### DATA FOR THIS EXERCISE

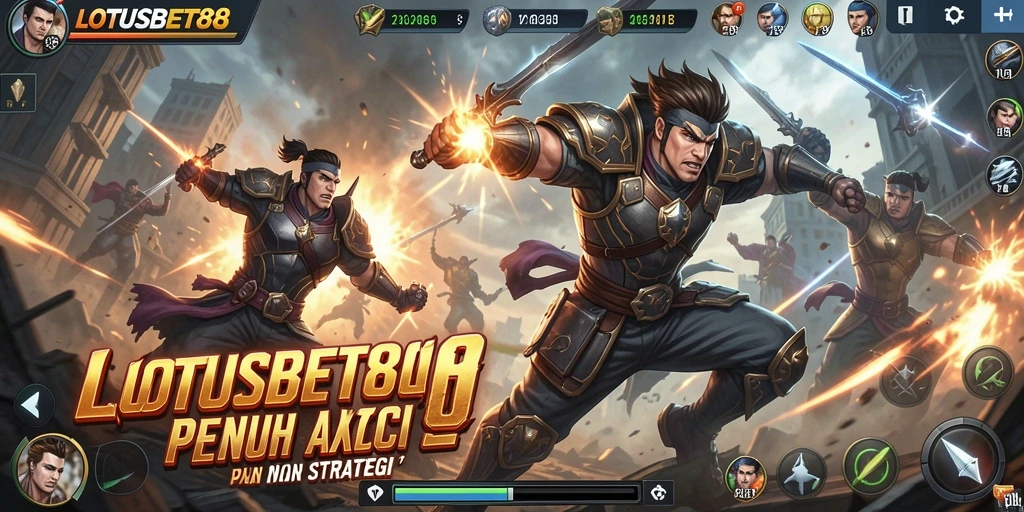 Tampilan gameplay LOTUSBET88 dengan pertarungan yang mendebarkan.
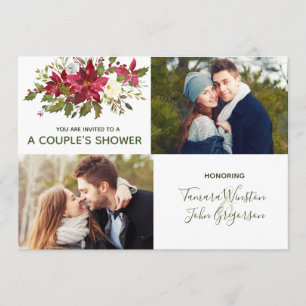 Invitation Photo Poinsettia Verdure Noël Couples Douche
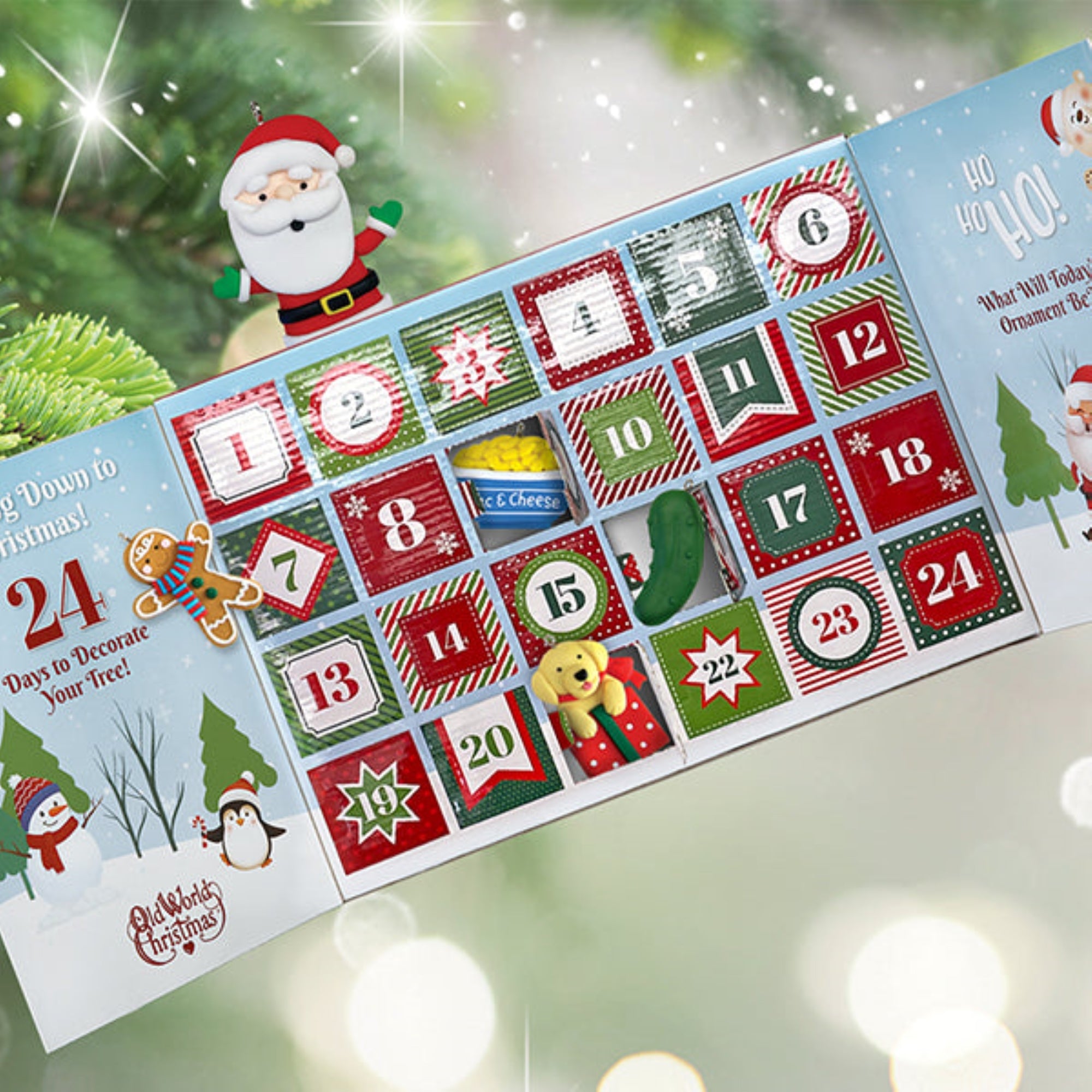 Old World Christmas Ornament Advent Calendar with 24 Flexible Resin Ornaments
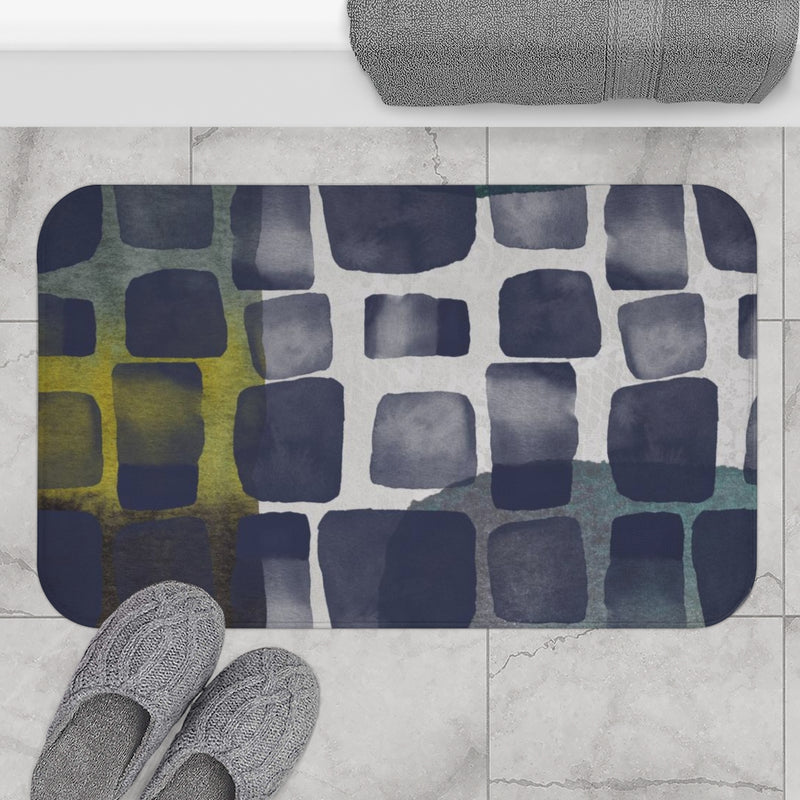 Cute Boho Bath Mat | Navy Green Grey | Abstract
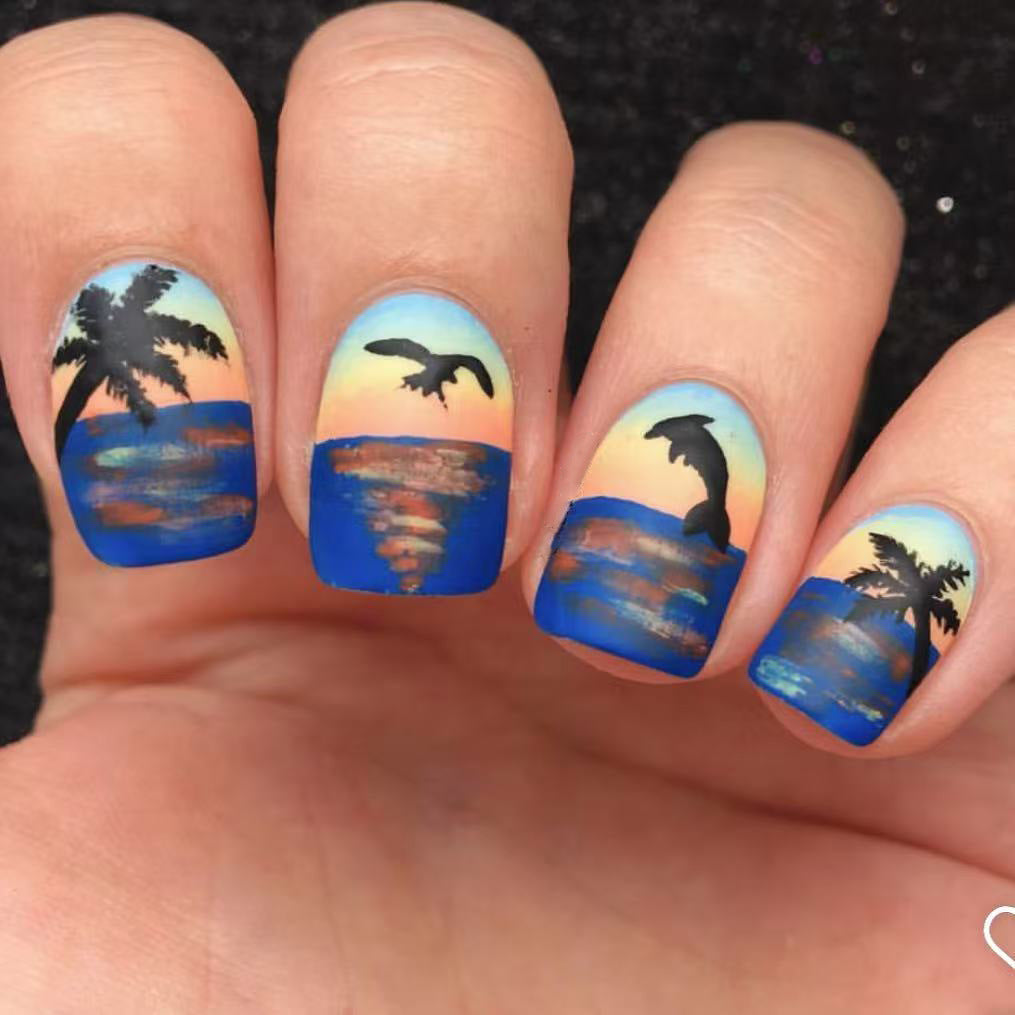 Tropical Sunset Vibrant Blue Medium Square Press On Nail Set with Stunning Ocean Scene Design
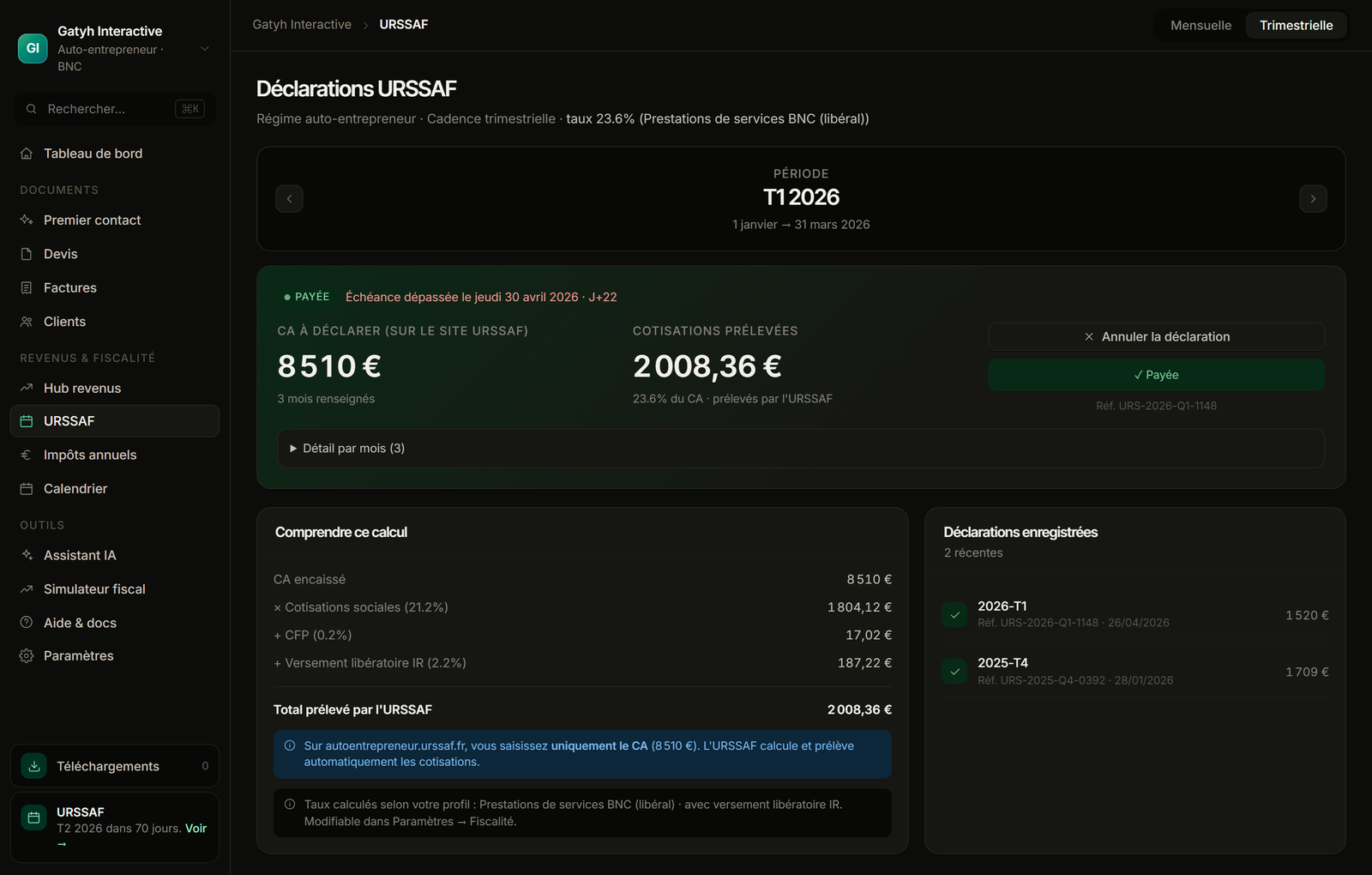 Déclaration URSSAF T1 2026 — calcul automatique des cotisations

### PROBLEM STATEMENT
The stretch to restate runs from the line above containing "Old World Christmas" through the line containing "Tropical Sunset Vibrant". Copy it word for word, ends included, without pictures.

### TASK RESPONSE
 Old World Christmas Ornament Advent Calendar with 24 Flexible Resin Ornaments
 Cute Boho Bath Mat | Navy Green Grey | Abstract
 Tropical Sunset Vibrant Blue Medium Square Press On Nail Set with Stunning Ocean Scene Design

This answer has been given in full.